_EXTRACTED RECORDS_
== Segment start ==

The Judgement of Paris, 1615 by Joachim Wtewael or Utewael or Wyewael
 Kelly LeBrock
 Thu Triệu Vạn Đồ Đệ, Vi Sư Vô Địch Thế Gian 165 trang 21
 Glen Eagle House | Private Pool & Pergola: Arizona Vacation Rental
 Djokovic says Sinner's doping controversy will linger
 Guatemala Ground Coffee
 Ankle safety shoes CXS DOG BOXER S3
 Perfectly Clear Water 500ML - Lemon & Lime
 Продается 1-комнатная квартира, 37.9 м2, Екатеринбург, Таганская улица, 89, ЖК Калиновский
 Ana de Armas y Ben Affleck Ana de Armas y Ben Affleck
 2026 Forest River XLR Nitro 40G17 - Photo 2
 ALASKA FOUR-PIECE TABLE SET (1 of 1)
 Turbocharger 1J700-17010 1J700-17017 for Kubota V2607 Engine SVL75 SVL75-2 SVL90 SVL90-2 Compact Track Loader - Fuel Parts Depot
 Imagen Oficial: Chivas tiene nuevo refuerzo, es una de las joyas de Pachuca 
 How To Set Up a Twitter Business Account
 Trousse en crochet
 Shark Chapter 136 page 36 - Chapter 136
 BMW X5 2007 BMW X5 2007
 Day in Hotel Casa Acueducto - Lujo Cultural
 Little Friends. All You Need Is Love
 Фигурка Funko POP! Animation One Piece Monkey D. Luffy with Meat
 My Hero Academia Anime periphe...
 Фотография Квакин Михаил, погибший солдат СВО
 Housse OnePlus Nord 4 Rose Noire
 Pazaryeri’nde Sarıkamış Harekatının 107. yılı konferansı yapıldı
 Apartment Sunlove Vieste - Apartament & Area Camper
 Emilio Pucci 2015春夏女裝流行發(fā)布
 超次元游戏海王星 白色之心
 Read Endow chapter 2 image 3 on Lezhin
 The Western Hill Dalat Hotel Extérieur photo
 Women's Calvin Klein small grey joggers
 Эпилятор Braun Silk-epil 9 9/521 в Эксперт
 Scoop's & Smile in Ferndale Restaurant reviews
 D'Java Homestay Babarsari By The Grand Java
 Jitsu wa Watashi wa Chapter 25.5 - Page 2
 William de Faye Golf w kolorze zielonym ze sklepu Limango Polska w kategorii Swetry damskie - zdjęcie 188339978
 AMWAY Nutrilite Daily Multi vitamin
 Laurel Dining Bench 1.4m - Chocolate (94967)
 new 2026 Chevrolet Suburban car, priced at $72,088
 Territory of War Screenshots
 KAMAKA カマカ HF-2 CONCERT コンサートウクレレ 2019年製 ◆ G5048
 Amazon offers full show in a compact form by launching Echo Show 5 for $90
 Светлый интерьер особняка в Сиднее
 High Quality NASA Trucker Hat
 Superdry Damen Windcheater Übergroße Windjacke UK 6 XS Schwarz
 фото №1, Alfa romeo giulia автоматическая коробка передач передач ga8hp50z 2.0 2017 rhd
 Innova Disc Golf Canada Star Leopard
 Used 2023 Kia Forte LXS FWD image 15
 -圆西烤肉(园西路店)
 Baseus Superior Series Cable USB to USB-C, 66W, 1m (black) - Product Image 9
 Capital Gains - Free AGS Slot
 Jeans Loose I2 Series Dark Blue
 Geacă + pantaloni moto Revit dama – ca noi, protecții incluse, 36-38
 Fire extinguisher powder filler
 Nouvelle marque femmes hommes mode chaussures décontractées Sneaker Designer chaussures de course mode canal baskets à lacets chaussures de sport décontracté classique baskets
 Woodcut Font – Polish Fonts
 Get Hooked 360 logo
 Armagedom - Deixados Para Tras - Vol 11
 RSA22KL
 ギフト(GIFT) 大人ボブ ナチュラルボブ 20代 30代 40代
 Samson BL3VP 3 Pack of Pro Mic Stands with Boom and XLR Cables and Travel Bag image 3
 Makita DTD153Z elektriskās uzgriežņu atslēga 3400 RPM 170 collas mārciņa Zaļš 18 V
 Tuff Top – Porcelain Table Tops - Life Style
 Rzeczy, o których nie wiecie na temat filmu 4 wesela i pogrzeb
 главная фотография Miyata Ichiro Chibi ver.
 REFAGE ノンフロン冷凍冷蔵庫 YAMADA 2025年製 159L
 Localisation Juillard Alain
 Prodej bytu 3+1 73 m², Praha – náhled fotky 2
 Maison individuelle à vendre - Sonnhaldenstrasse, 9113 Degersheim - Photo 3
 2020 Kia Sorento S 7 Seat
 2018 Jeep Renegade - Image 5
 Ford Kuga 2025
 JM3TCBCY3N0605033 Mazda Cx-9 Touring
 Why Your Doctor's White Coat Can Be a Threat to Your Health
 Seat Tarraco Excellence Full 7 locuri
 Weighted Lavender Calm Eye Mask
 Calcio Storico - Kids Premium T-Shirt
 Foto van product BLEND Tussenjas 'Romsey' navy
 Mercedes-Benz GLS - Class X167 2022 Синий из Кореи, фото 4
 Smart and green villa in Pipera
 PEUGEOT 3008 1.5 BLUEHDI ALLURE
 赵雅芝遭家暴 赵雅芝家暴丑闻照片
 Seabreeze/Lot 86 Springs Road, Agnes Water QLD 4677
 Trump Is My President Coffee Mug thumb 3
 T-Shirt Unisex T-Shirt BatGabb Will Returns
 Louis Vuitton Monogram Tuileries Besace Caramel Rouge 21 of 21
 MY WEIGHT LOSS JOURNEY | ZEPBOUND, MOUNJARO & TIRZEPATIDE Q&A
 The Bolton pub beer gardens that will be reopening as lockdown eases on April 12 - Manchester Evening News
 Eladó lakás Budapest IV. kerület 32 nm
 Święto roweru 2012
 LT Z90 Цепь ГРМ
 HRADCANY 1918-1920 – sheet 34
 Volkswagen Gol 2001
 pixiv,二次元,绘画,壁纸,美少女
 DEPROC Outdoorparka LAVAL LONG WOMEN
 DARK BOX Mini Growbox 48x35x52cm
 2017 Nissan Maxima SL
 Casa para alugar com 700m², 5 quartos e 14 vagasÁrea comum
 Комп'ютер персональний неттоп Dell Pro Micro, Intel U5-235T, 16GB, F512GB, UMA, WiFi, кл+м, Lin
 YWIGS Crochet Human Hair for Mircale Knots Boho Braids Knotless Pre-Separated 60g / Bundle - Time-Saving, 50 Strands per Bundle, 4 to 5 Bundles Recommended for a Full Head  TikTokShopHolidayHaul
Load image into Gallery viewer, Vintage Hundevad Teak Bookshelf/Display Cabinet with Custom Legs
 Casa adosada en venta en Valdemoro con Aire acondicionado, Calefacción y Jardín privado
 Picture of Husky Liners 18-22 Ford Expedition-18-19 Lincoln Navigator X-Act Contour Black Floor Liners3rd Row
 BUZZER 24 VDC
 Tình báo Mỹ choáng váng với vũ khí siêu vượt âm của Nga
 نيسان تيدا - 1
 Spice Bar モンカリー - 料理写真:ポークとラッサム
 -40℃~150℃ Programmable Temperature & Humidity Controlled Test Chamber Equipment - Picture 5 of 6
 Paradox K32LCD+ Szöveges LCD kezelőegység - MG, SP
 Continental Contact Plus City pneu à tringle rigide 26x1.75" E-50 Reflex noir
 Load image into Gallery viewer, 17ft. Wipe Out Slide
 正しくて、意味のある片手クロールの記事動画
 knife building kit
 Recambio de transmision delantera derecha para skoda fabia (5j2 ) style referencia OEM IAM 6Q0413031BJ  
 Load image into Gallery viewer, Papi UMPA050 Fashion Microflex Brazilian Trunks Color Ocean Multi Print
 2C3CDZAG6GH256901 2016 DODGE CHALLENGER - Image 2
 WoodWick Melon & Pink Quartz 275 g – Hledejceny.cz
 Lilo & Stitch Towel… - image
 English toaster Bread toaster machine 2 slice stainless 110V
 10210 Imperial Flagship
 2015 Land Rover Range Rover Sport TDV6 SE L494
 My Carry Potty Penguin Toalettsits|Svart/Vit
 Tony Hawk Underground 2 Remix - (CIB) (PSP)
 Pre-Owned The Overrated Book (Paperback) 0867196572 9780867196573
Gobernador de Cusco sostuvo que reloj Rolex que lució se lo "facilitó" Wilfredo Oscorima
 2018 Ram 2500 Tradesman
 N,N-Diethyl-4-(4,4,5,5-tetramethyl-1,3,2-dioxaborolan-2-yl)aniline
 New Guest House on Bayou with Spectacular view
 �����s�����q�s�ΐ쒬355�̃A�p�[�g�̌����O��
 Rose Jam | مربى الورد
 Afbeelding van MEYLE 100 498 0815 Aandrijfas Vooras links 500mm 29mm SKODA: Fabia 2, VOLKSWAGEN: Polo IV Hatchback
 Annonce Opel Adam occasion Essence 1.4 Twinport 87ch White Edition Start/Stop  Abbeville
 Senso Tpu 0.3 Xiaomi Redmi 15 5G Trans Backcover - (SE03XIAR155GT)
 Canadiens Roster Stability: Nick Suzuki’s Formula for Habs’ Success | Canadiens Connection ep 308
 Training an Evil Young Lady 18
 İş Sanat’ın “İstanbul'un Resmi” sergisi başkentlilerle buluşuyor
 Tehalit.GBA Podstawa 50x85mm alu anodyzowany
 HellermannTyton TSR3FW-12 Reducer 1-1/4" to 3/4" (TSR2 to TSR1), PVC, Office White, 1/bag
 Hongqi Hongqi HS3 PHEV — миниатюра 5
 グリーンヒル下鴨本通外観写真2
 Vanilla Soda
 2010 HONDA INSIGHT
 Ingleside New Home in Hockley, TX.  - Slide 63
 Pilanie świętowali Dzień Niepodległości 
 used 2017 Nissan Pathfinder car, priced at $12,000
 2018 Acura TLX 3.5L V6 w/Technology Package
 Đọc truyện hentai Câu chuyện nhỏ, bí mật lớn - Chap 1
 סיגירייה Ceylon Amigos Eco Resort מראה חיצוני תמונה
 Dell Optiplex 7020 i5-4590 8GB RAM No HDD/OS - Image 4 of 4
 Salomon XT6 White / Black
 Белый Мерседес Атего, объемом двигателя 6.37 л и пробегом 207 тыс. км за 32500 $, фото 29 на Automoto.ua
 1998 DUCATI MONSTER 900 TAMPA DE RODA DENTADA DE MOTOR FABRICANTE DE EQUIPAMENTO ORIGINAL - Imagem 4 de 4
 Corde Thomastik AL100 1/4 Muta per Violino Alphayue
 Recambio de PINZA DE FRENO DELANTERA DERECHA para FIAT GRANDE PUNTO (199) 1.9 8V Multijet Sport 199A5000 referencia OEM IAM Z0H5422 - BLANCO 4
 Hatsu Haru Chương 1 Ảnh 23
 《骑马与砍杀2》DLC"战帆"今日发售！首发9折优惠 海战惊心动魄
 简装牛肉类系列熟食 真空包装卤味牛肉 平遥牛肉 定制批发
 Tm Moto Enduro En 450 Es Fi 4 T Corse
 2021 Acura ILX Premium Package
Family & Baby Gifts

== Segment end ==

_TASK DESCRIPTION_
Copy out, from the material above, each line in which the string "viewer" is found.

_EXERCISE RESPONSE_
Load image into Gallery viewer, Vintage Hundevad Teak Bookshelf/Display Cabinet with Custom Legs
 Load image into Gallery viewer, 17ft. Wipe Out Slide
 Load image into Gallery viewer, Papi UMPA050 Fashion Microflex Brazilian Trunks Color Ocean Multi Print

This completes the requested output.